Doctor of Philosophy
Faculty of Engineering
Chaengbamrung, Apichart, Turbulent plumes generated by a horizontal area source of buoyancy, PhD thesis, Faculty of Engineering, University of Wollongong, 2005. http://ro.uow.edu.au/theses/445
Plumes generated from hot surfaces may contain fumes and other contaminants that constitute major health and environmental hazards. Current design techniques of contaminated plume control for area sources of heat have limited applicability, and provide little information on plume characteristics such as vertical velocity distribution, density distribution, etc. in the zone near the source.
This study is an experimental and computational (CFD) investigation into the fundamental processes of plume generation and dispersion from a hot area source, such as a hot metal bath, blast furnaces etc. The main aims are to provide quantitative data and theoretical models that will enable engineers/designers to greatly improve the efficiency of exhaust systems and reduce exposure of workers and the community to harmful contaminants.
The main aim of this project was to conduct a fundamental investigation into the complex processes of plume generation from a hot surface of finite size and its subsequent dispersion. Particular objectives included: 1. Use of experimental techniques to investigate plume characteristics such as velocity and density/temperature fields. 2. Computational fluid dynamics (CFD) analysis of velocity and temperature fields. 3. Validation of the CFD simulations, using analytical solutions and specific experiments of increasing complexity.
The experimental work was conducted in two distinct programs.

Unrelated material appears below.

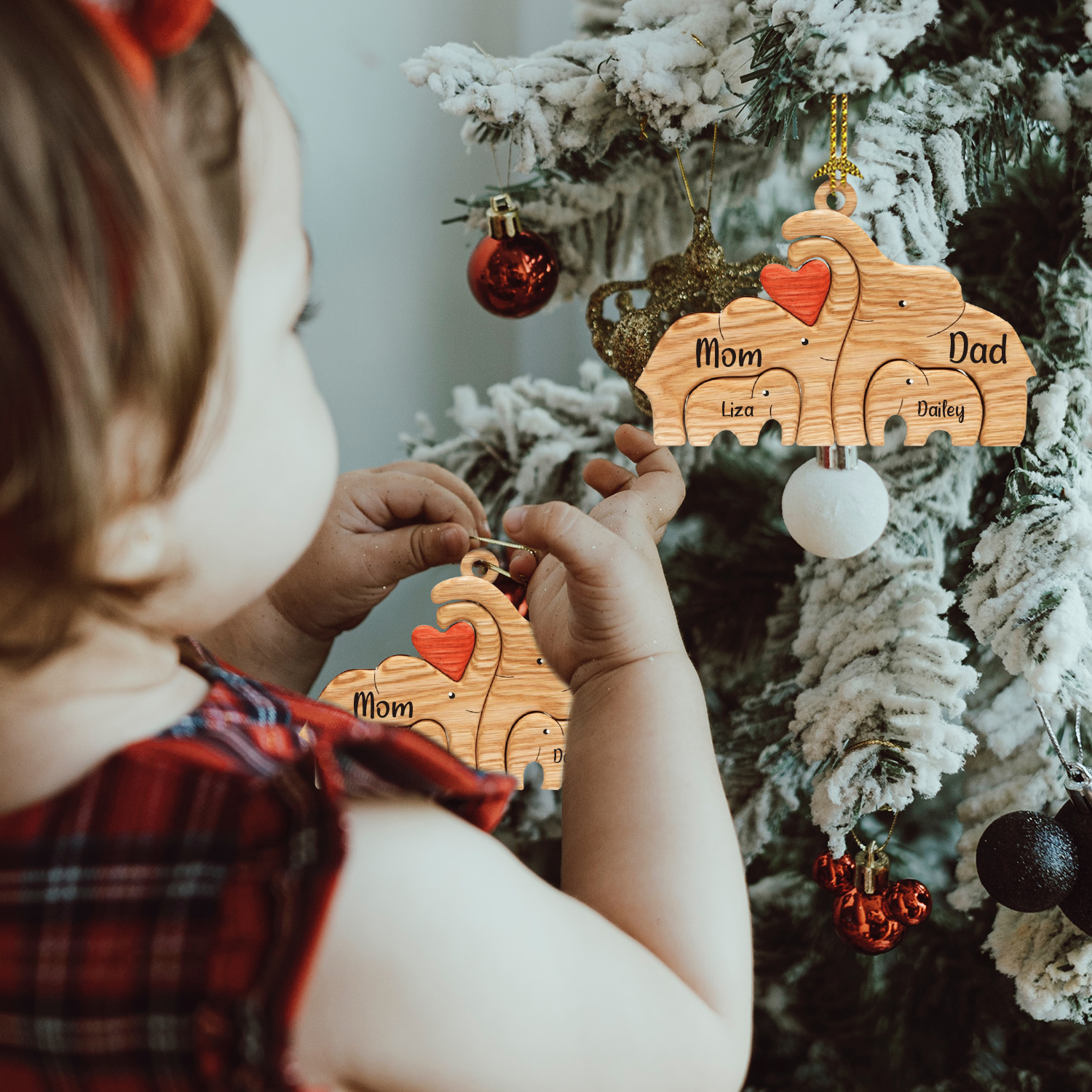 Navidad-Ornamento muñecos navideño de madera familia de elefantes 4 nombres personalizados adorno del árbol-Jessemade ES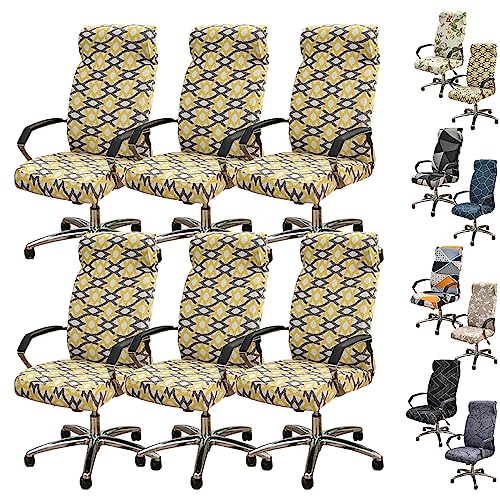 ouxei Bedruckte, Elastische Stuhlhussen Für Computerstühle, 1er-/2er-/4er-/6er-Set – Stuhlhussen Mit Hoher Rückenlehne, Drehstuhl/Gaming-/Chefstuhl, Mit Reißverschluss(C 6pcs,Medium) von ouxei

In the first part, saline plumes generated from a uniform area source descending into quiescent water were studied. This represented a ‘cold flow’ analogy of thermal plumes ascending in quiescent air. A 1.4m cubed environmental tank was designed, built and commissioned in which experiments were carried out. Experiments are described in which the velocity and salt concentration profiles in the plume were measured. Two-dimensional velocity profiles were determined using a PTV (Particle Tracking Velocimetry) technique. The plume shape was recorded on video tape and also analysed using the DigImage PTV analysis software. A special conductivity probe with digital position control was used to measure the concentration of salt solution (or plume density distribution) both inside and outside the plume at different levels within a 1.4m cubed environmental tank. In the CFD simulations, two geometries were used to determine plume characteristics and were compared with experimental results.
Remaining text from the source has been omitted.